▸ **Your assignment**:
For this exercise, return only the lines in the records below from the one holding "15830 Montgomery Ranch" through the one holding "Toyota AQUA 2015-06 7452923-19", including both, exactly as they appear and without pictures.

▸ **Information given**:
•••

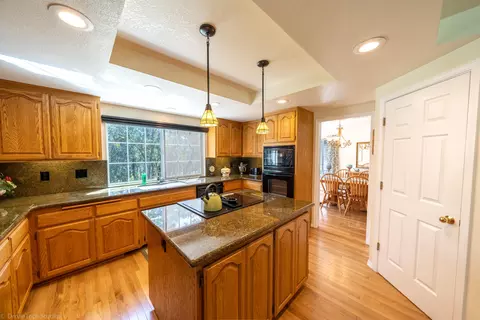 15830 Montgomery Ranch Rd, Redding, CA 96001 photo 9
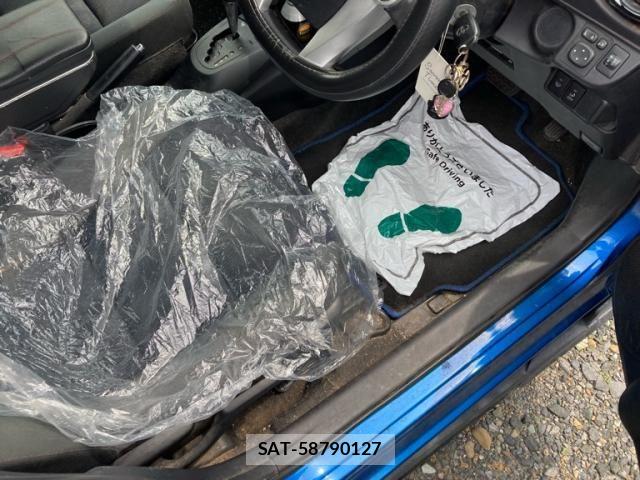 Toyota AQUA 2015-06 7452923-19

•••

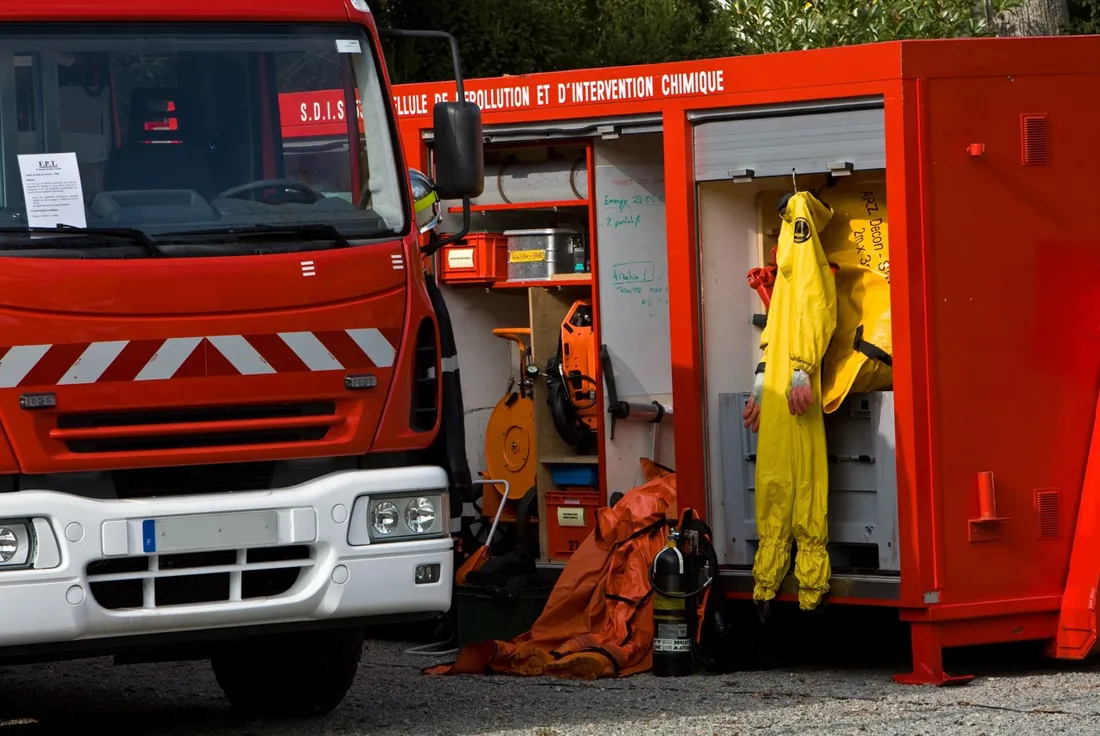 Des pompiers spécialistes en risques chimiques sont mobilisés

•••

▸ **Expected answer**:
 15830 Montgomery Ranch Rd, Redding, CA 96001 photo 9
 Toyota AQUA 2015-06 7452923-19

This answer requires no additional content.